Vergessen die sowjetische Tristesse, als der fade Einheits-Gerstensaft nur in düsteren Steh-Kneipen gezapft wurde oder in seltenen Fällen auch direkt aus kleinen Tankwagen auf der Straße feilgeboten wurde. Heute bietet sich den Russen eine mindestens so große Auswahl an erstklassigen Bieren wie in Deutschland. "Sibirische Krone", "Baltika" oder "Goldenens Fässchen" zählen zu den beliebtesten Hopfgetränken, die die Russen in immer größeren Mengen konsumieren.

Bier zum Wodka

Der Bierboom geht dabei nicht einmal zu Lasten des russischen Nationalgetränks. Zum Wodka genehmigen sich die Russen den Gerstensaft als Zusatzgetränk. "Wodka ohne Bier ist in den Wind geworfenes Geld", lautet eine beliebte Volksweisheit.

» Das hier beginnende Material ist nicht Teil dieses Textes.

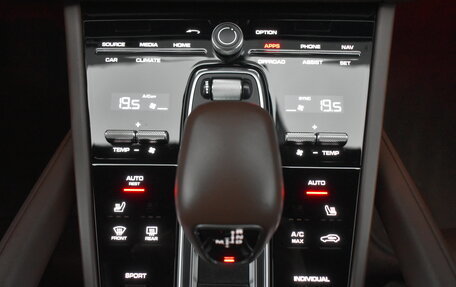 Porsche Cayenne III, 2021 год, 9 990 000 рублей, 20 фотография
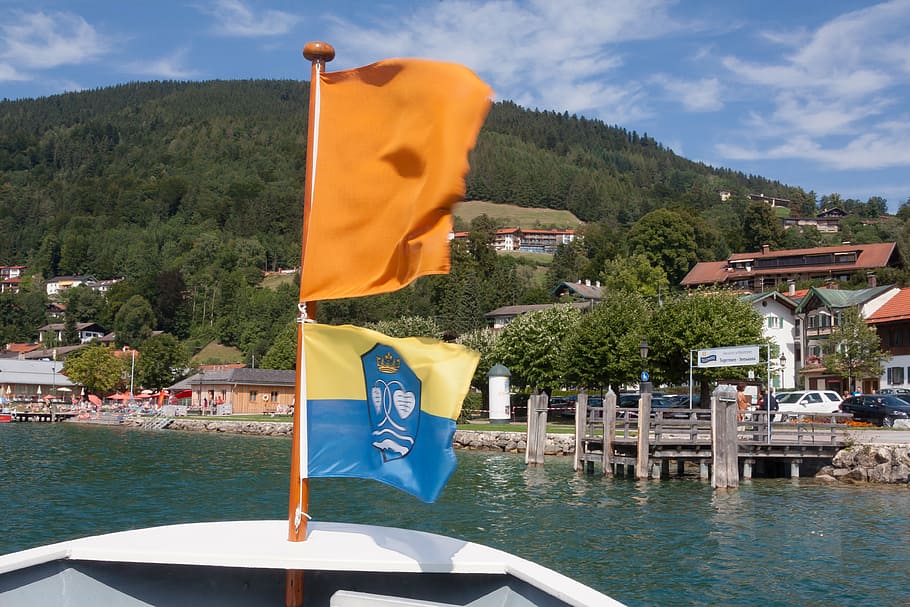 ship, ferry, boot, bug, water, lake, flag, orange, yellow, blue, HD wallpaper
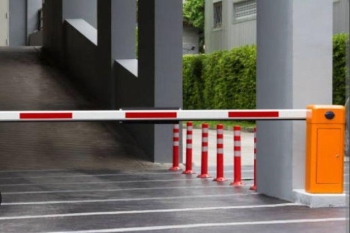Barrera de paso de seguridad y acceso vehicular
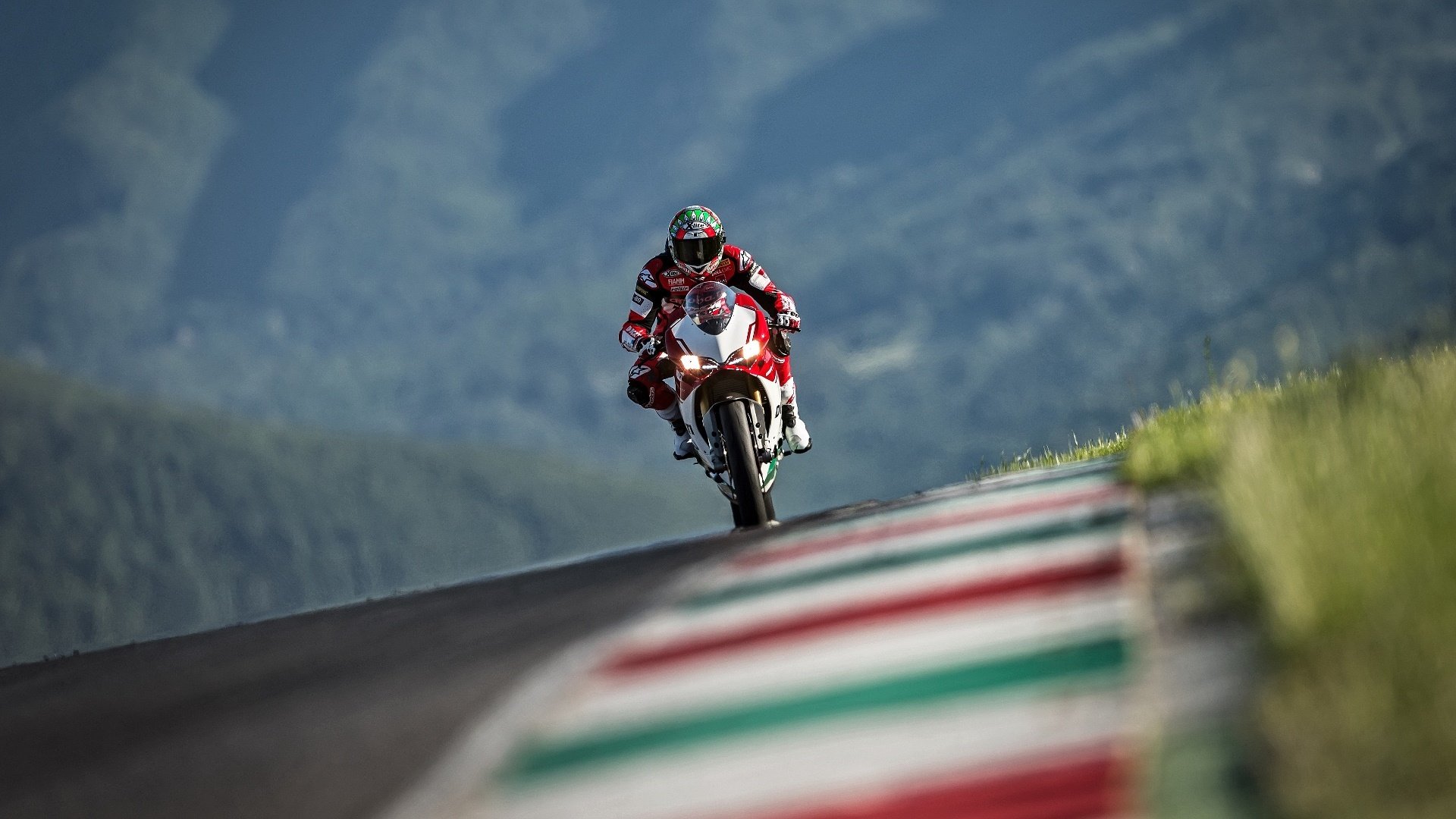 国际田径团体赛：接力换棒效率影响总分排名，田径接力中国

Bis vor kurzem zählte Bier offiziell noch nicht einmal als alkoholisches Getränk, sondern als ein erfrischender Durstlöscher. Auch Dank einer massiven Werbekampagne gilt der Gerstensaft besonders unter Russlands Jugendlichen als "hip" und "cool".

Schon am frühen Morgen tragen viele Russen auf dem Weg zur Arbeit ein oder zwei Fläschen Bier spazieren. Gerade auf der Straße ist der Konsum des Gerstensafts populär, sogar bei klirrenden Temperaturen und stärkstem Frost.

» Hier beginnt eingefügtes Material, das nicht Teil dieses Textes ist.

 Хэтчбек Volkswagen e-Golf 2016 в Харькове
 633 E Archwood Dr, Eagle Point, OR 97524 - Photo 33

Mehr als zwei Millionen Alkoholiker

Der Bierboom trägt allerdings auch zu eher ernüchternden Statistiken bei: Jedes Jahr saufen sich rund 40.000 Russen zu Tode, die Zahl der Alkoholiker ist mittlerweile auf 2,2, Millionen angewachsen – darunter auch 22.000 Jugendliche.

Um den steigenden Alkohol-Rausch zu bekämpfen, hat die russische Duma dem Gerstensaft nun dem Kampf angesagt. Was für viele Russen wie ein April-Scherz klingt, ist dem russischen Parlament bierernst: In dritter Lesung verabschiedeten die Parlamentarier ein Gesetz, dass den Russen ab dem 1. April 2005 verbietet, auf der Straße, im Park oder sonst in der Öffentlichkeit ein Bier an den Hals zu setzen. Bei Missachtung des öffentlichen Bierverbots drohen hohe Bußgelder – bis zu 500 Rubel, umgerechnet knapp 14 Euro.

Hässliche Deutsche

Parallel hat die Duma bereits vor Wochen die Fernsehwerbung für den Gerstensaft per Gesetz erheblich eingeschränkt. Künftig darf im Fernsehen und im Radio zwischen sieben und 22 Uhr nicht mehr für Bier geworben werden. In Sportstadien sowie im Umkreis von Sportstätten, Schulen und Krankenhäusern ist die Bierwerbung ganz verboten.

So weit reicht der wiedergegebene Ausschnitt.